Remember, this is a very simplified example. In a real-world scenario, you would also need to consider data preprocessing, model validation, result evaluation, and many other steps. You should also make sure that you comply with all relevant data privacy regulations when working with real-world network data.
Conclusion: What Is Geometric Deep Learning?
Geometric Deep Learning (GDL) marks a paradigm shift in artificial intelligence by enabling us to extend the power of deep learning architecture to non-Euclidean data. This presents a myriad of opportunities across diverse fields. From the perspective of neural network architecture, GDL uses inductive biases to efficiently process complex data structures, enhancing the receptivity and adaptability of these models.
In Quantum Chemistry and Chemical Theory and Computation, GDL has shown promise for tasks such as predicting molecular properties and aiding in drug design. By encoding the projective geometry of molecules into neural networks, GDL assists in the exploration of chemical space in a more refined manner. It enhances the performance and accuracy of tasks that require understanding of the intricate, geometric structure of molecules.
GDL’s application isn’t restricted to scientific computations. In the world of artificial intelligence, its potential is seen in areas such as speech recognition where complex temporal dependencies exist.
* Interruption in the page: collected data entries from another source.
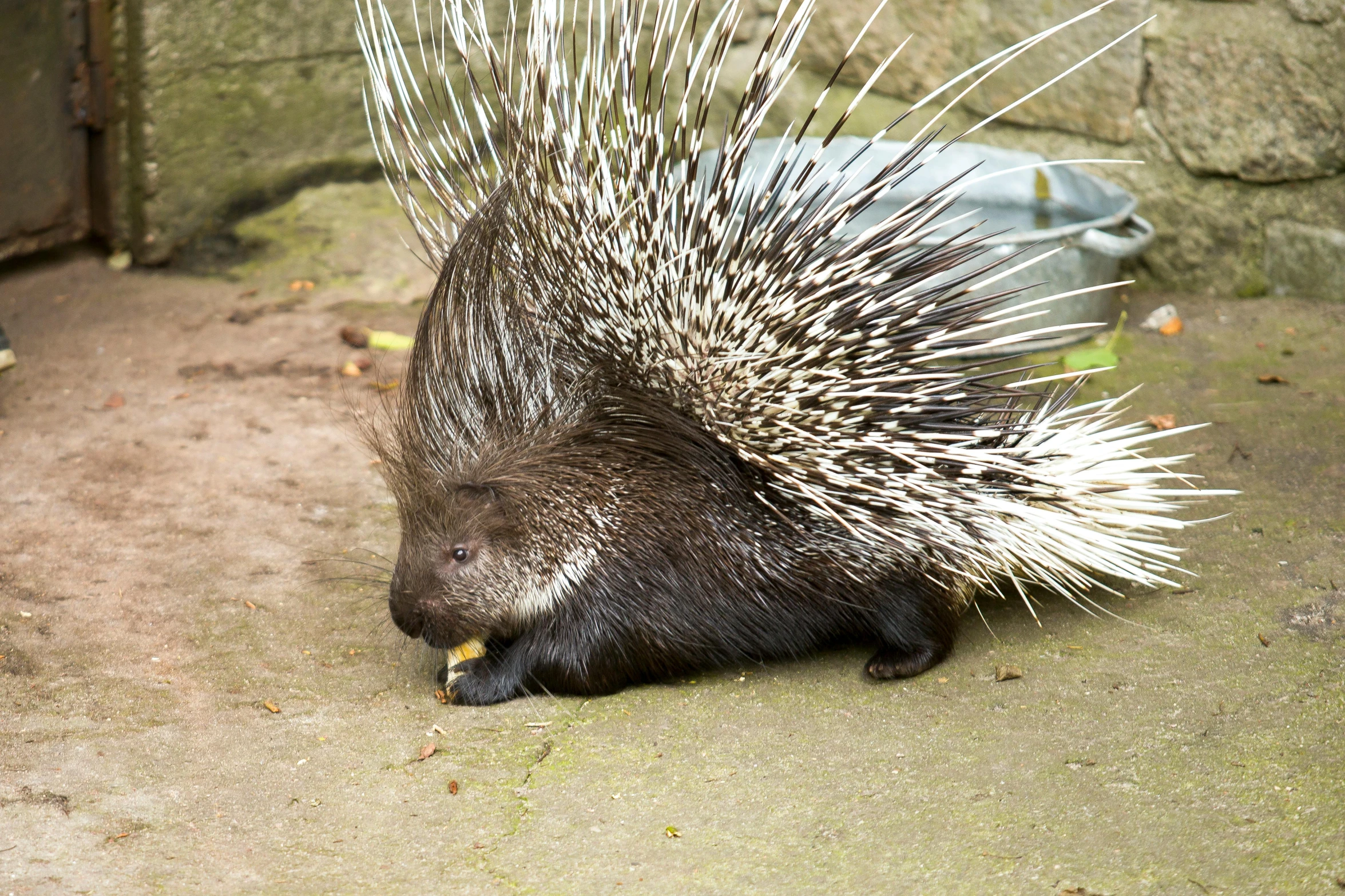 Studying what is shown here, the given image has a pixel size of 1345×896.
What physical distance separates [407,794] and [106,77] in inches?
136

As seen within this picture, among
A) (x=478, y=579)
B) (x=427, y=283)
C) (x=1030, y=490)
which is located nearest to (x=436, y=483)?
(x=478, y=579)

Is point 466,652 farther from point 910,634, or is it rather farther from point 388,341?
point 388,341

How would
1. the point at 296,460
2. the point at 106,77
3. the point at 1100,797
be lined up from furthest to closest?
1. the point at 106,77
2. the point at 296,460
3. the point at 1100,797

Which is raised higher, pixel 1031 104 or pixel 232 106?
pixel 1031 104

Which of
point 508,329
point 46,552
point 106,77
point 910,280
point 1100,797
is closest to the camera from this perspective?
point 1100,797

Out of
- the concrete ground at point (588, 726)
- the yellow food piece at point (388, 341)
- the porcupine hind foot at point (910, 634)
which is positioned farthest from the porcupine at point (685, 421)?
the yellow food piece at point (388, 341)

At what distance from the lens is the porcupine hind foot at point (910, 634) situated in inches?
104

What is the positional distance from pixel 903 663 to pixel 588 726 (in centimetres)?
66

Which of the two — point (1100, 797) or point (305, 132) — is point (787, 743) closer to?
point (1100, 797)

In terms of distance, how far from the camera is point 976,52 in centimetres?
474

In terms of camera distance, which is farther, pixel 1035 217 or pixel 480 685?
pixel 1035 217

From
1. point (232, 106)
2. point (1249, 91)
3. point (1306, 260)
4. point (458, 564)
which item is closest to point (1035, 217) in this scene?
point (1249, 91)

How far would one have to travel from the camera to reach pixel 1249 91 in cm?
430

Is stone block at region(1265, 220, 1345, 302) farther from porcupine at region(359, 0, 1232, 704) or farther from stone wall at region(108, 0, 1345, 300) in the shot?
porcupine at region(359, 0, 1232, 704) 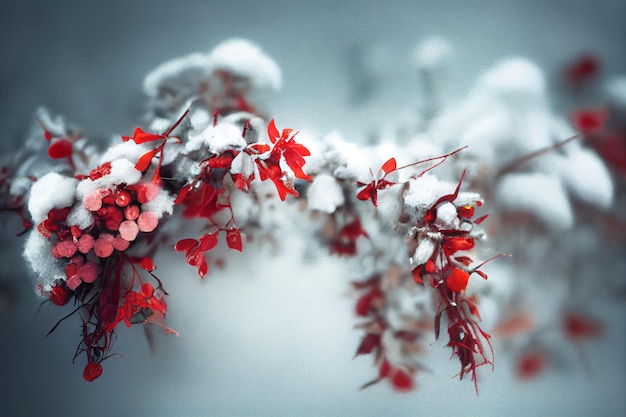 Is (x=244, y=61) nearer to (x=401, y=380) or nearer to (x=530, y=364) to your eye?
(x=401, y=380)

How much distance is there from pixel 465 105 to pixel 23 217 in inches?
33.2

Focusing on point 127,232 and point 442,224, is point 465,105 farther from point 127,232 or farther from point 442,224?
point 127,232

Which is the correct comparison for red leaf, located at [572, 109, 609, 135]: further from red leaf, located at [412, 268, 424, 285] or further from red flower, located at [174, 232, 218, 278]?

Through handling non-euclidean data, GDL is advancing the field, improving the processing and understanding of input signals and making speech recognition systems more robust and reliable.
In essence, the innovations in GDL open up exciting possibilities for various applications where geometric and topological properties play a significant role. From a small receptive field in an input image to the vast landscape of molecular structures, GDL’s impact will continue to be felt as it keeps advancing, pioneering breakthroughs across artificial intelligence, computational chemistry, and beyond.
Ye, Jong Chul. Geometry of Deep Learning: A Signal Processing Perspective. Springer Nature, 2022.